Short web captions
• • •

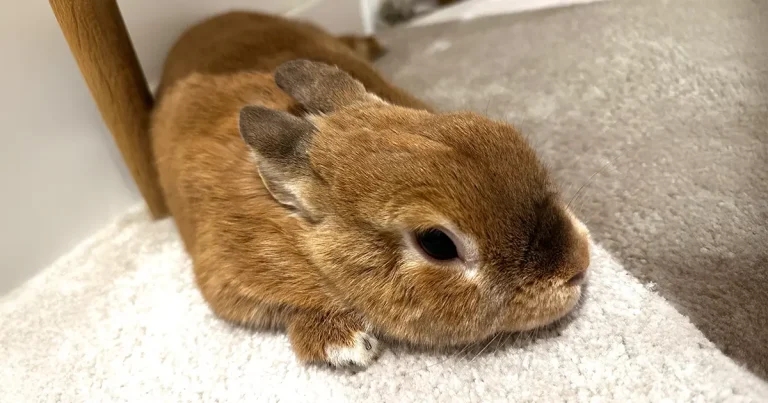 Brumpy jumping for joy this Easter after vets save shattered leg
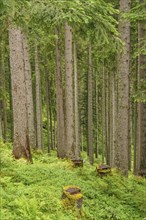 Dense forest with tall trees, moss-covered tree stumps and dense undergrowth, Gosau, Austria,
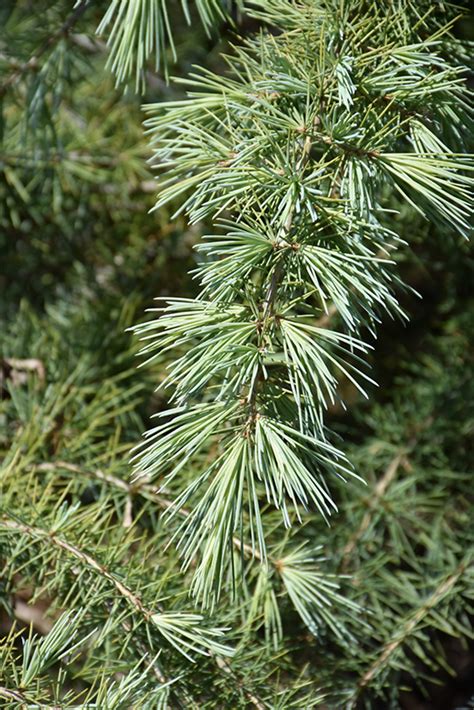 Snow Sprite Deodar Cedar Cedrus Deodara Snow Sprite In Long Island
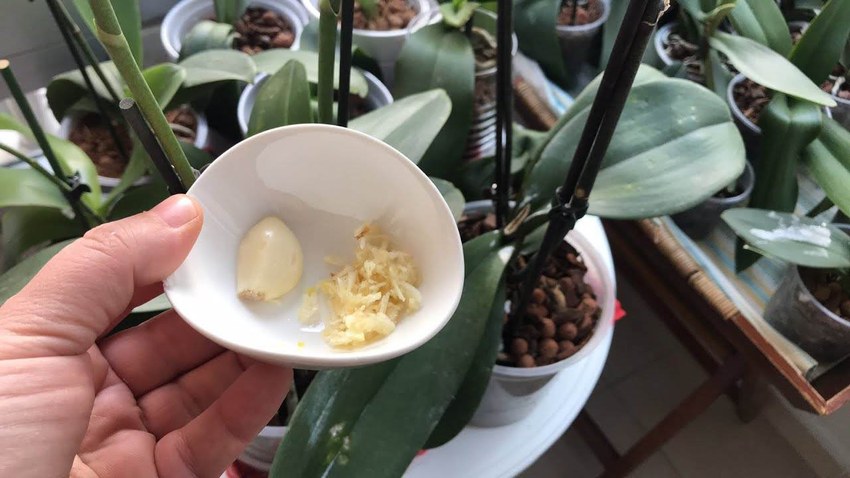 ¿Por qué los Jardineros ponen un Diente de Ajo en las Orquídeas? Misterio resuelto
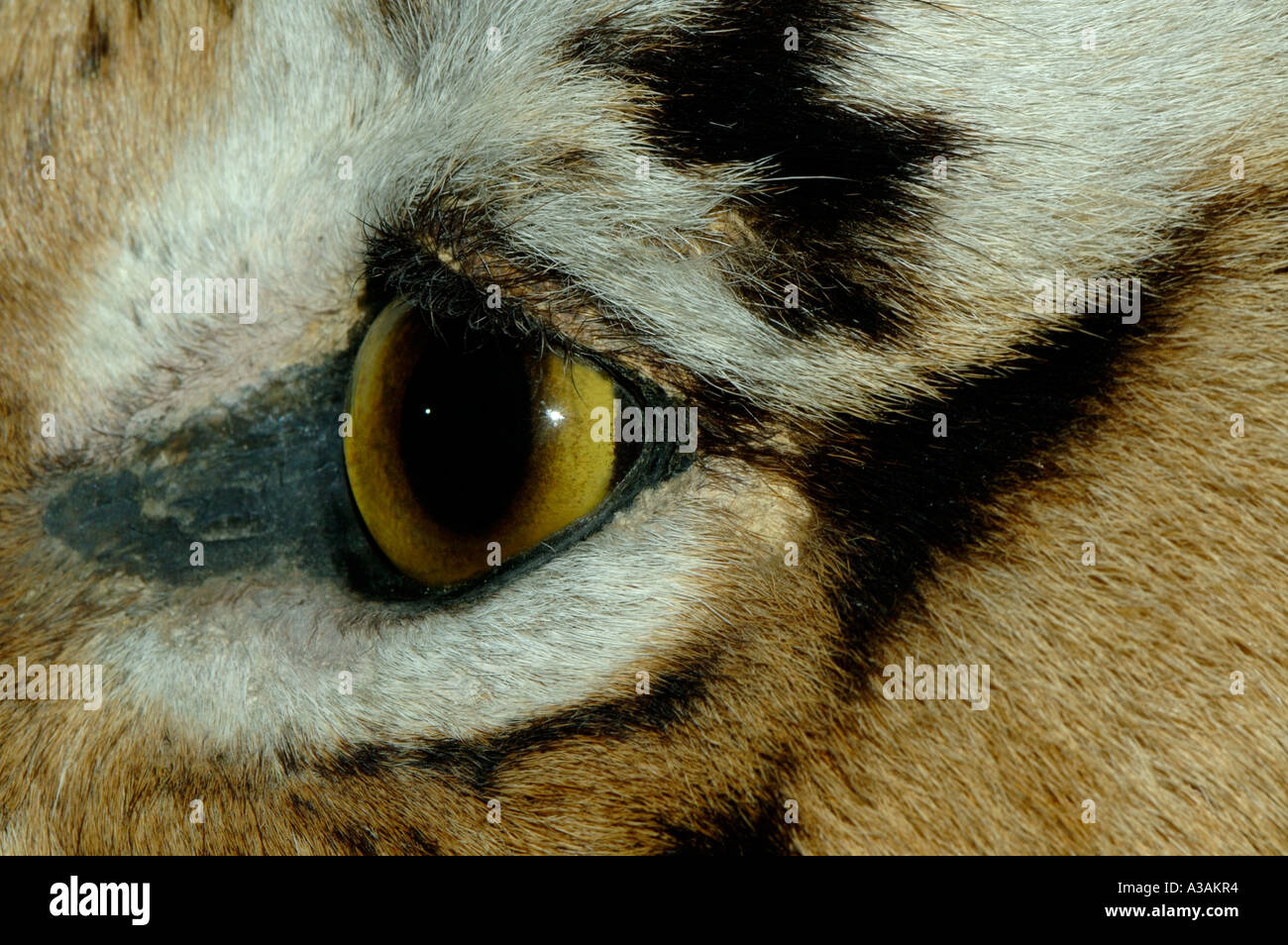 Tiger eye close up hires stock photography and images Alamy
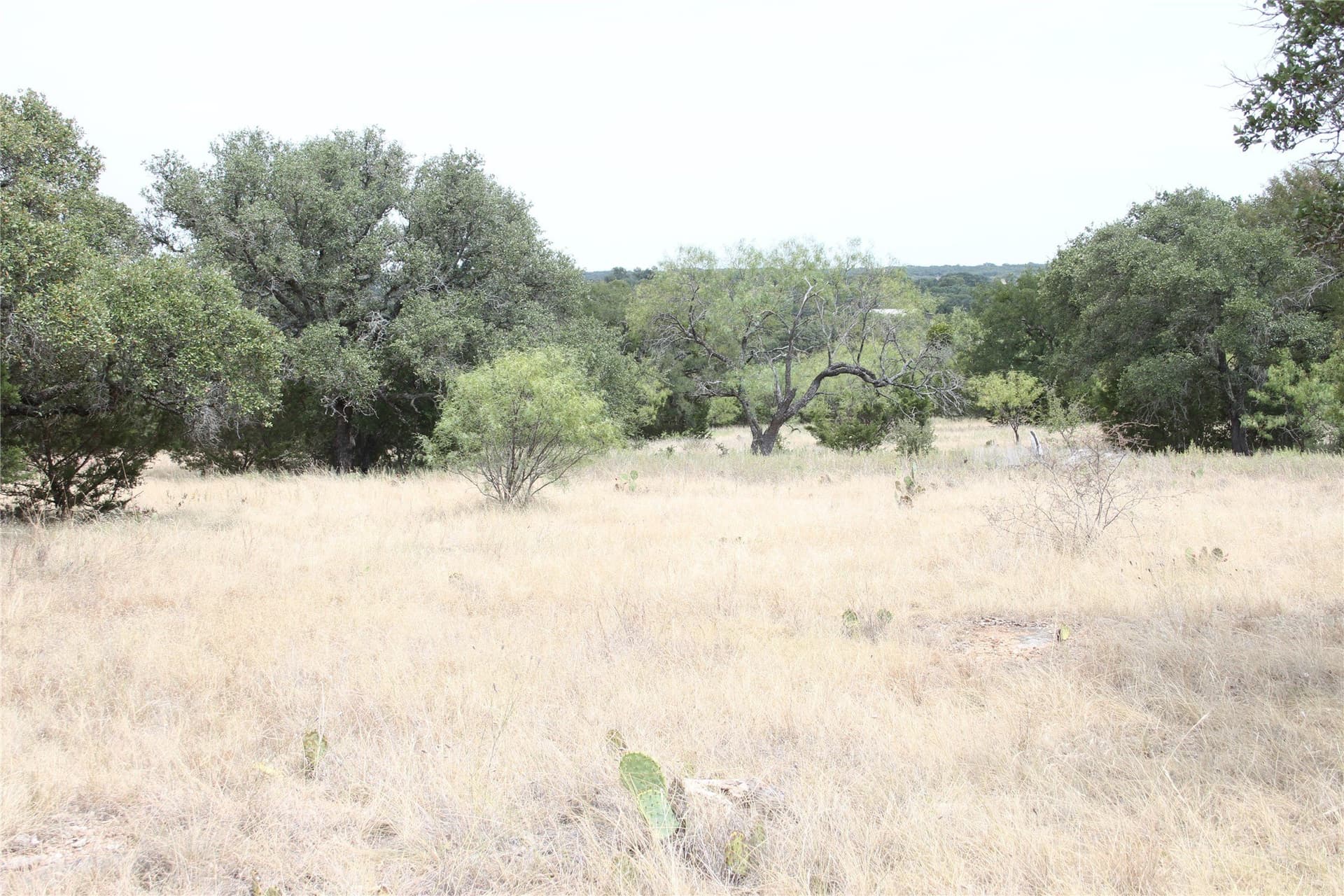 20.1 acres in San Saba County - photo 15
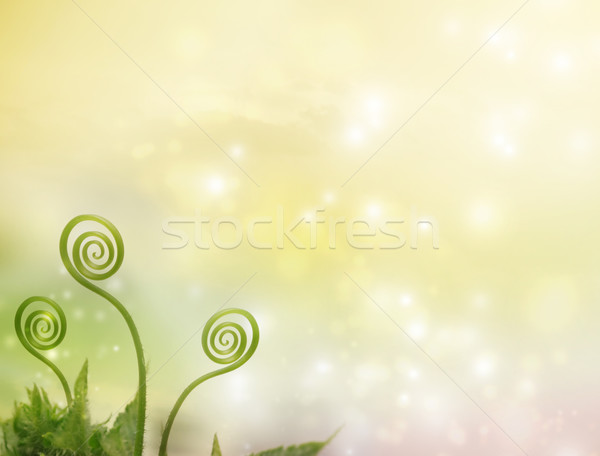 Plant tendrils on fantasy background Stock photo © Melpomene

• • •

◆ **Work order**: Omit the pictures. Print, word for word, the lines from the beginning of the entries above through the line that holds "Snow Sprite Deodar".

◆ **Response for this exercise**:
 Brumpy jumping for joy this Easter after vets save shattered leg
 Dense forest with tall trees, moss-covered tree stumps and dense undergrowth, Gosau, Austria,
 Snow Sprite Deodar Cedar Cedrus Deodara Snow Sprite In Long Island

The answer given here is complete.